Since I moved to Maryland in 2004 I have not eaten a whole crab. I’ve eaten plenty of crab cakes, more crab dip than I’d like to admit, a few crab pretzels, and a fair amount of crab laden sushi. But no whole crabs. In fact, the only time I’ve ever had a whole crab was at my stepgrandfather’s house in high school. We were there for Pop-Pop’s birthday, and in tribute to his Baltimore roots we ate crabs. Or, rather, my family ate crabs. I got as far as a lung (nobody told it was the lung!) and decided I preferred hot dogs.

 

 

Enter my friend Jamie. Jamie comes from a long line of proud Marylanders, people who spend as much time picking apart crabs as us Carolinians do picking apart pigs. They’ve refined the process to a science, an art, and Jamie was willing to teach it to us. I had this post scheduled for later this month, but last night Pop Pop passed away. Pop Pop, or Al Hlavin, Sr, was my stepmom Jan’sĀ father. He was a smart, kind, and much loved man. So, in honor of Pop-Pop and thanks to Jamie, I would like to present a step-by-step guide to picking crabs, the Maryland way.

 

 

Step 1: Start with a whole, steamed crab. Preferably one that has been steamed in copious amounts of Old Bay.

 

 

Step 2: Rip the claws off. Eat any meat that comes off with them.

 

 

Step 3: Use a knife, mallet, or your fingers to crack open the claws. Eat the meat inside.

 

 

Step 4: Locate the apron. This is the monument-shaped area on the underside of the crab.

 

 

Step 5: Pull the apron off by the tip. Discard.

 

 

Step 6: Pull the top of the shell off, from the top.

 

 

Step 7: Remove the organs.
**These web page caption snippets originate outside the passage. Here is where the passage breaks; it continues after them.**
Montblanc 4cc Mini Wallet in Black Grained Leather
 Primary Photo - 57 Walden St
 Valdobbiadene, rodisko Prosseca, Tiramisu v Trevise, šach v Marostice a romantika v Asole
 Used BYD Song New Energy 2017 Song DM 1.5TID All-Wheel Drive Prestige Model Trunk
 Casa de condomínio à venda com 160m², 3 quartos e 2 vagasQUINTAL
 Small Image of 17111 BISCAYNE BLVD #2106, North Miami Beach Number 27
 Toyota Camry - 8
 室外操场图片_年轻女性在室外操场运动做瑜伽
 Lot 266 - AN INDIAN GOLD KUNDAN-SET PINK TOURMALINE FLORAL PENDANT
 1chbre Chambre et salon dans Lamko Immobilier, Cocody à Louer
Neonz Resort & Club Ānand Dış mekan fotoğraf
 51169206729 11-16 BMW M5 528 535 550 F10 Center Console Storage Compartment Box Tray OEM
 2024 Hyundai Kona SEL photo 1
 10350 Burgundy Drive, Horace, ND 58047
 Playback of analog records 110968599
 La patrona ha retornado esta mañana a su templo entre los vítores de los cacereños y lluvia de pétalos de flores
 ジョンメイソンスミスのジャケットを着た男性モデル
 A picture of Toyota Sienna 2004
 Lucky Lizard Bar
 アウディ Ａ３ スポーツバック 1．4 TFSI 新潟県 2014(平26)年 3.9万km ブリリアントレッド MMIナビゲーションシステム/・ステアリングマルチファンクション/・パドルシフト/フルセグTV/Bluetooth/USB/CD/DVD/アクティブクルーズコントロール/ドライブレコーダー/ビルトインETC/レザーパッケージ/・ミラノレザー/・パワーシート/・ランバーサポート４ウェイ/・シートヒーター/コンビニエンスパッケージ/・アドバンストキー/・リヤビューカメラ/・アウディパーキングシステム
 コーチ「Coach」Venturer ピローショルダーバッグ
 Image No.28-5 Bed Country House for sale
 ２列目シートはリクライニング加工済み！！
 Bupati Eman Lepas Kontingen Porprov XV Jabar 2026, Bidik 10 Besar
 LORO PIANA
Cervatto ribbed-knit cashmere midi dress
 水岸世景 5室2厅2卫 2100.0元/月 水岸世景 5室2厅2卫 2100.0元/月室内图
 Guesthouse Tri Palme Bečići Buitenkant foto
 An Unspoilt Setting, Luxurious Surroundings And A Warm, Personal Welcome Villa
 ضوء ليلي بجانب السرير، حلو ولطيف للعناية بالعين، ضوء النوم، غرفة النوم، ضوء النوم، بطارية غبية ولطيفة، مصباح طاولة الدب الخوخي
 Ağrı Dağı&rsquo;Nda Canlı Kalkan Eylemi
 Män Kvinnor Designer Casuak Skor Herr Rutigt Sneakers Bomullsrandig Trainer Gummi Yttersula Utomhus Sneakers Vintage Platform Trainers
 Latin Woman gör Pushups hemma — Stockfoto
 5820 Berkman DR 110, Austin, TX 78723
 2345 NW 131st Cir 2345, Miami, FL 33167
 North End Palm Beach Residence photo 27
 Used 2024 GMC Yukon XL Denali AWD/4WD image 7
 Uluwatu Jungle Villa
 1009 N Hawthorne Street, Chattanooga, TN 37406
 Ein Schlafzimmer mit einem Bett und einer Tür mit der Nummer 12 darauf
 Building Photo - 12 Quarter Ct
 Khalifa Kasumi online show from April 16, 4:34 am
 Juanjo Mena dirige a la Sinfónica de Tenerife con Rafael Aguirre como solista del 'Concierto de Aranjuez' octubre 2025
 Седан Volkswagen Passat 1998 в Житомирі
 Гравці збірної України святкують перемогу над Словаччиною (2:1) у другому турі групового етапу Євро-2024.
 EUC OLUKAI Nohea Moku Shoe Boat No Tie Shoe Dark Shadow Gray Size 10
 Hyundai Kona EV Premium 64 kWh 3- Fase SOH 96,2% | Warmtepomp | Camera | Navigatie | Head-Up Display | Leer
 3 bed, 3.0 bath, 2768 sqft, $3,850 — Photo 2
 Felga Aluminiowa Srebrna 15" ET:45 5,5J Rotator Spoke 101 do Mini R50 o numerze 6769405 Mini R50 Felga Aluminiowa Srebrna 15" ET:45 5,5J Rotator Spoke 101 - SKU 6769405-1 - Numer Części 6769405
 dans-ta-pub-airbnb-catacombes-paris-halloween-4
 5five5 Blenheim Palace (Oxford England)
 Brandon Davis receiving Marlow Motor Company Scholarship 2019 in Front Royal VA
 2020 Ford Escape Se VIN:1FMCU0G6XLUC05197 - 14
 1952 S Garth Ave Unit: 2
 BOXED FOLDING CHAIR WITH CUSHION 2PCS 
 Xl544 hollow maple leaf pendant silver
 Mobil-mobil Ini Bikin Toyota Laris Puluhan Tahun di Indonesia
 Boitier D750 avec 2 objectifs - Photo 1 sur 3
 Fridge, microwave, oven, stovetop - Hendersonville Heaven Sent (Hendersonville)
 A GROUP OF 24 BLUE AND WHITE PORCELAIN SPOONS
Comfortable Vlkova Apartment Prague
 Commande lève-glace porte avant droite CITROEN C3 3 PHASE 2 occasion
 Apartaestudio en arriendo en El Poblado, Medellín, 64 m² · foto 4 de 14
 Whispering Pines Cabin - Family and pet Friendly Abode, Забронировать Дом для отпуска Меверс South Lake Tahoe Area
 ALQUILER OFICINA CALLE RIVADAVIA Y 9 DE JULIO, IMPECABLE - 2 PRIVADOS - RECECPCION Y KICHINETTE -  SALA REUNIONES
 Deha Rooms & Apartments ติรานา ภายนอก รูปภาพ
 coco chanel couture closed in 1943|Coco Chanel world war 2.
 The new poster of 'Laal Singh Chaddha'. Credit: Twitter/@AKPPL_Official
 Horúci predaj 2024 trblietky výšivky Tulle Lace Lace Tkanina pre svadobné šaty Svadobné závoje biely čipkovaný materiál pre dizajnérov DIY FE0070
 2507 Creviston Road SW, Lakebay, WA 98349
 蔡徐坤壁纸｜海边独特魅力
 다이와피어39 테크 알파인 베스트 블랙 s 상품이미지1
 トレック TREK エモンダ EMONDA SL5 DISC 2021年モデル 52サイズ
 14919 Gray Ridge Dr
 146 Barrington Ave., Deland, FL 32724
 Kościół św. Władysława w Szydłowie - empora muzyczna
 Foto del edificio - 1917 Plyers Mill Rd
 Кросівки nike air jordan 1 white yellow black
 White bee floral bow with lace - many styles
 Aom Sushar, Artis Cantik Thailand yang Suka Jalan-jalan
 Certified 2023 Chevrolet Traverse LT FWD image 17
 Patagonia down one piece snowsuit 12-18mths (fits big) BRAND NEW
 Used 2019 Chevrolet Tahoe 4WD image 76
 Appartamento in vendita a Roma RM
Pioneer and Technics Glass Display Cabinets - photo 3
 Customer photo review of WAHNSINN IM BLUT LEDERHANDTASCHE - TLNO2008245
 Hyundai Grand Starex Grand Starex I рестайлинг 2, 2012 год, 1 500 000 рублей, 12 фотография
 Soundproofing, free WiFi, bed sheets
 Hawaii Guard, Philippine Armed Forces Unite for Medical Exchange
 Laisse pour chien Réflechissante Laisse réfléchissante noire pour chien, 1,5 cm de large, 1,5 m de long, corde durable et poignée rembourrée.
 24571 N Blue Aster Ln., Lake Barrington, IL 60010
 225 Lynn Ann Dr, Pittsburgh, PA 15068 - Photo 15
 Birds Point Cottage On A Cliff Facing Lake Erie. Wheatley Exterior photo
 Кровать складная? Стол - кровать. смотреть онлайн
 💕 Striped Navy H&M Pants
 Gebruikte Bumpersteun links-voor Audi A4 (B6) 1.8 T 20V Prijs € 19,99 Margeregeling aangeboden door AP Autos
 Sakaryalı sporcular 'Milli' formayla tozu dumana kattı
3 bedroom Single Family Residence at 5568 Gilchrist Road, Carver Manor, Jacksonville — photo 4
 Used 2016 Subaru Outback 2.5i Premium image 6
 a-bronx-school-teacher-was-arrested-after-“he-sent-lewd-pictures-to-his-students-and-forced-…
This is everything offcolored, squishy, etc in the middle of the crab. Next, remove the lungs (see where Jamie is pointing). Growing up, Jamie was told the lungs were called the devil. Number 1 rule of crab picking? DON’T EAT THE DEVIL.

 

 

Step 8: Break the crab in half.

 

 

Step 9: Use a knife to cut the half again.

 

 

Step 10: Enjoy! Eat the white meat, drink lots of beer!

 

update: the jamie keffer method of steaming blue crabs.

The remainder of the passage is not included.